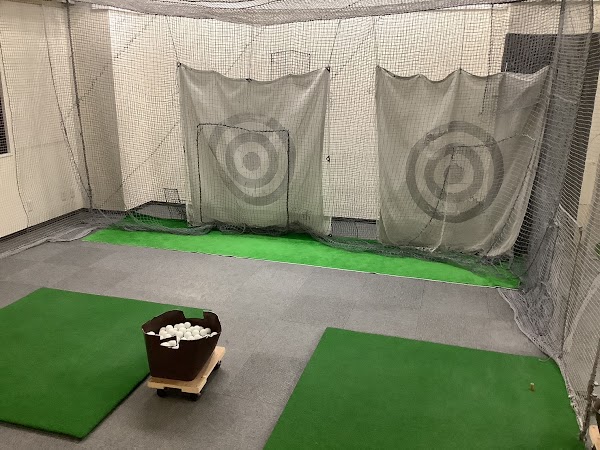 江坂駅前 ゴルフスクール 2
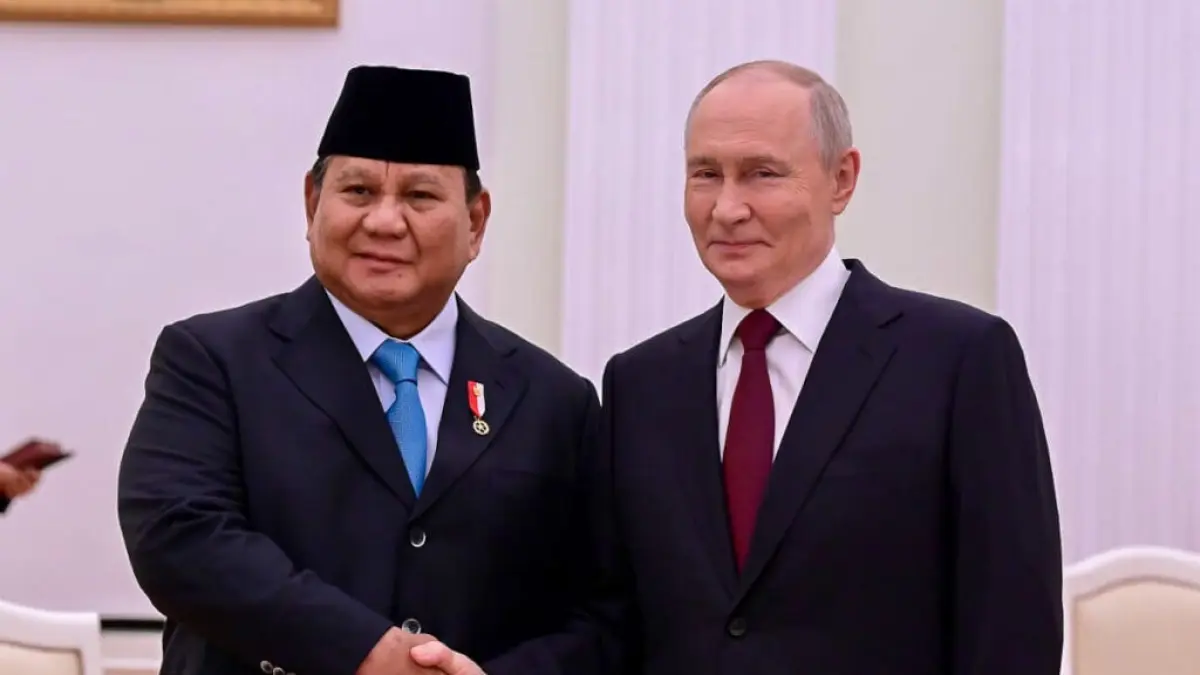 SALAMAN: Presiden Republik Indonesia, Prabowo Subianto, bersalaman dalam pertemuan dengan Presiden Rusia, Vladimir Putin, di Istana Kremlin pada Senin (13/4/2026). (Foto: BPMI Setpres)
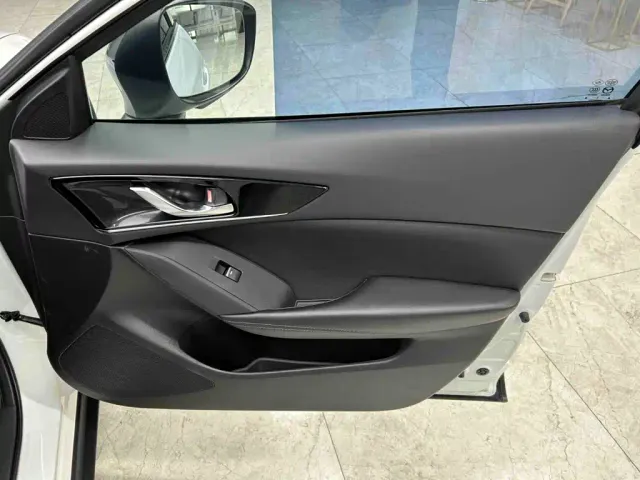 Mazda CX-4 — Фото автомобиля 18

******

WHAT THE TASK ASKS ▸ Please write out all of the data verbatim, with no pictures in the copy.

WRITTEN RESPONSE ▸
 江坂駅前 ゴルフスクール 2
 SALAMAN: Presiden Republik Indonesia, Prabowo Subianto, bersalaman dalam pertemuan dengan Presiden Rusia, Vladimir Putin, di Istana Kremlin pada Senin (13/4/2026). (Foto: BPMI Setpres)
 Mazda CX-4 — Фото автомобиля 18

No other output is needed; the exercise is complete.